Trewin, Benjamin P; Adelstein, Stephen; Spies, Judith M; Beadnall, Heidi N; Barton, Joshua; Ho, Nicholas; Gallagher, Kerri J; Barnett, Michael H.
  • Trewin BP; Neurology, Royal Prince Alfred Hospital (RPAH), Australia; Brain & Mind Centre, University of Sydney (USyd), Australia.
  • Adelstein S; Immunology, RPAH, Australia; Faculty of Medicine & Health, USyd, Australia.
  • Spies JM; Neurology, Royal Prince Alfred Hospital (RPAH), Australia; Brain & Mind Centre, University of Sydney (USyd), Australia; Faculty of Medicine & Health, USyd, Australia.
  • Beadnall HN; Neurology, Royal Prince Alfred Hospital (RPAH), Australia; Brain & Mind Centre, University of Sydney (USyd), Australia.
  • Barton J; Brain & Mind Centre, University of Sydney (USyd), Australia.
  • Ho N; Brain & Mind Centre, University of Sydney (USyd), Australia.
  • Gallagher KJ; Immunology, RPAH, Australia.
  • Barnett MH; Neurology, Royal Prince Alfred Hospital (RPAH), Australia; Brain & Mind Centre, University of Sydney (USyd), Australia; Faculty of Medicine & Health, USyd, Australia. Electronic address: michael.barnett@sydney.edu.au.
Mult Scler Relat Disord ; 43: 102175, 2020 Aug.
Article en En | MEDLINE | ID: mdl-32417664
ABSTRACT

BACKGROUND:

B-cell depleting treatments are widely used to modify the course of neuromyelitis optica spectrum disorder (NMOSD). Despite recent successful Phase 3 trials of several novel NMOSD therapies, limited availability and high cost constrains their clinical use, and rituximab (RTX) remains a core treatment in many centres.
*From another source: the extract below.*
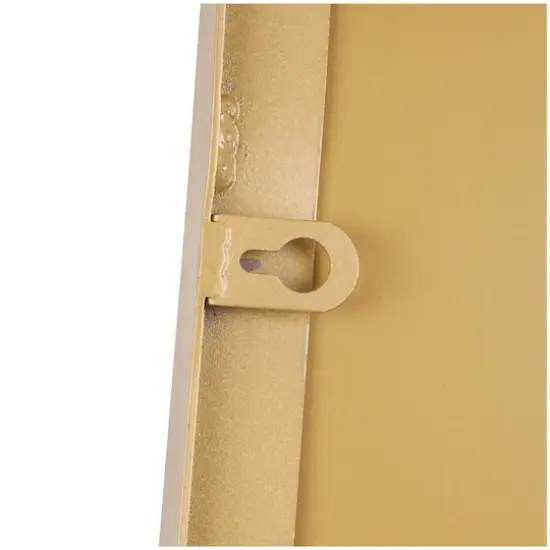 47" Gold Colored Slim Abstract Wavy Metal Wall Mirror {4}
Since 2013, the Royal Prince Alfred Hospital Neuroimmunology Clinic (NIC) has regularly measured class-switched memory B-cells (SMB-cells) in the peripheral blood of patients with NMOSD, who have been treated with RTX, in order to guide retreatment intervals.

OBJECTIVE:

To assess the management and outcomes of the treated patients, and to determine the effect of SMB-cell monitoring in guiding retreatment intervals.

METHODS:

A retrospective analysis of hospital records, clinic letters and laboratory data was performed.

RESULTS:

Sixteen patients with NMOSD received individualised rituximab dosing at NIC between 2013 and 2018. Fourteen (87.5%) were aquaporin-4 antibody (AQP4-Ab) positive; 1 (6.25%) was myelin oligodendrocyte glycoprotein antibody (MOG-Ab) positive and 1 (6.25%) was seronegative. After commencement of RTX, individually dosed according to regular measurements of serum SMB-cells, there was a 77.5% reduction in annualised relapse rate over a mean follow-up time of 46.1 months in our recently active NMOSD patients. Their mean retreatment interval was 50.9 weeks.

CONCLUSIONS:

This study provides real-world evidence supporting individualised rituximab dosing in the treatment of NMOSD.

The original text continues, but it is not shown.